* Work request
Repeat exactly, and nothing more, the lines from the one that includes "Derbies en Cuir Paolo marron" through the final line of the entries; skip the pictures.

Collected data entries:
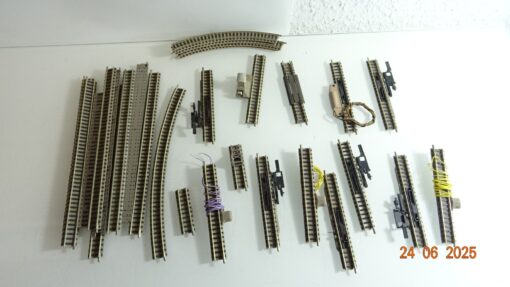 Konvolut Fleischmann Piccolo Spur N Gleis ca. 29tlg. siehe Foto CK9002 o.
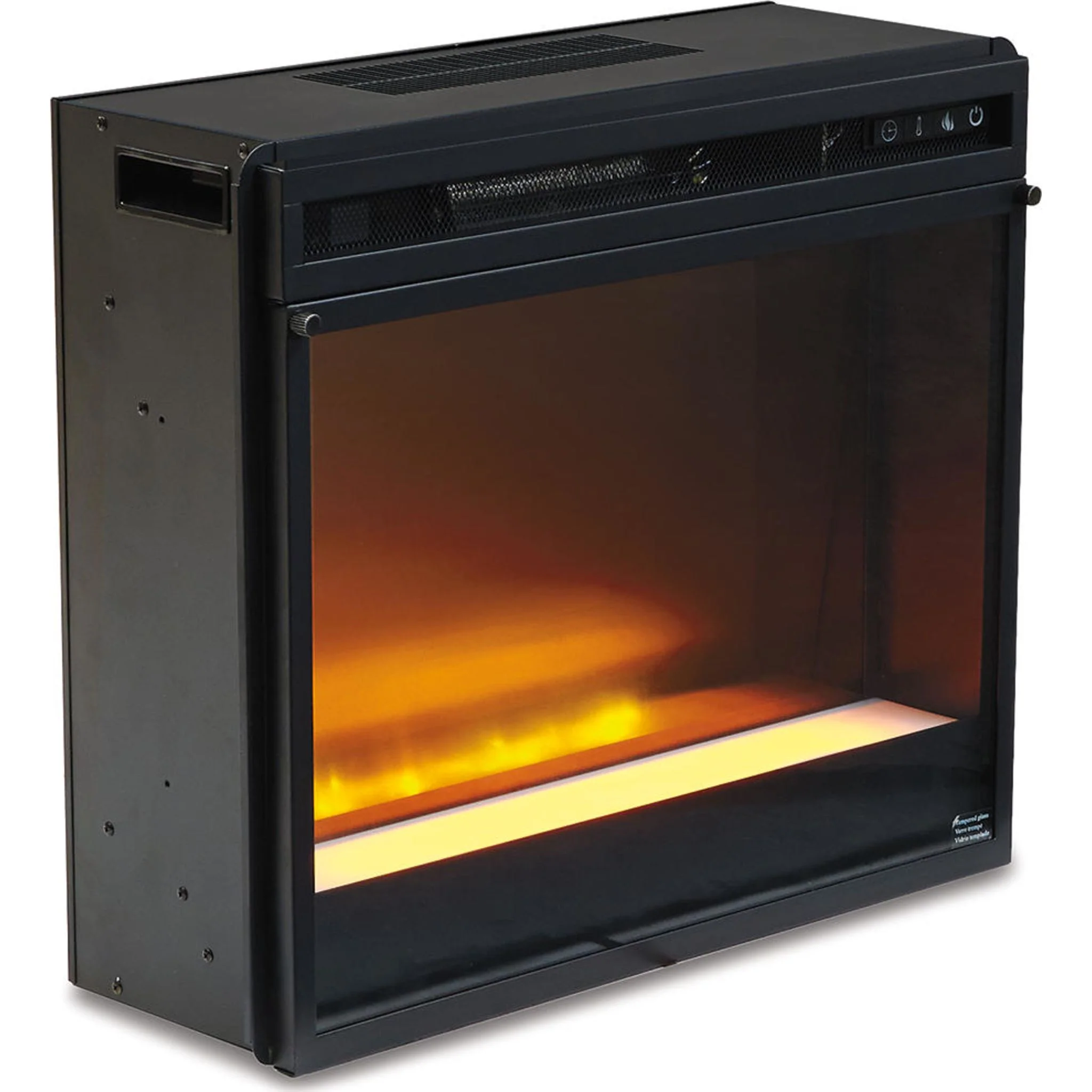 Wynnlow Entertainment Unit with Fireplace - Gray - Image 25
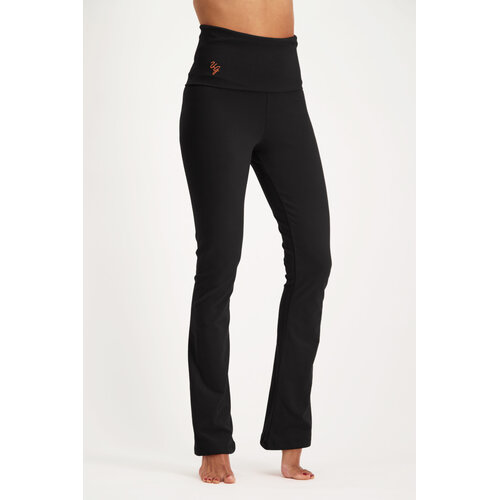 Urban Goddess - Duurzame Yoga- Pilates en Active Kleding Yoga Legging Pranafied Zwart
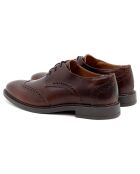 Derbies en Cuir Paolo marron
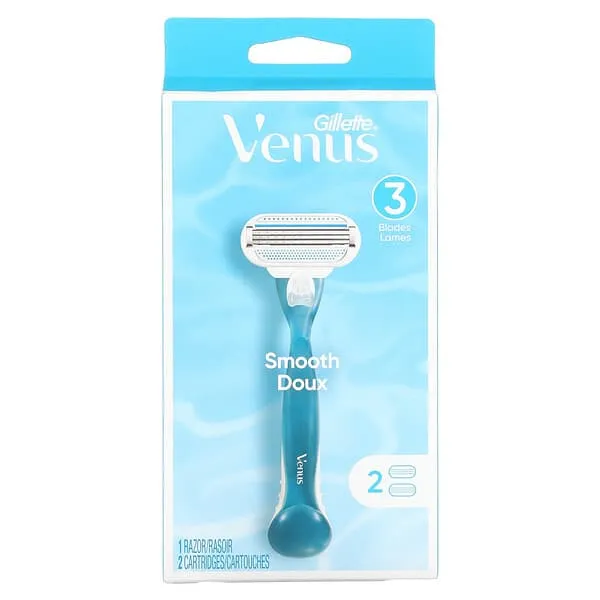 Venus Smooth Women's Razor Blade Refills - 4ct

* Result of this task
 Derbies en Cuir Paolo marron
 Venus Smooth Women's Razor Blade Refills - 4ct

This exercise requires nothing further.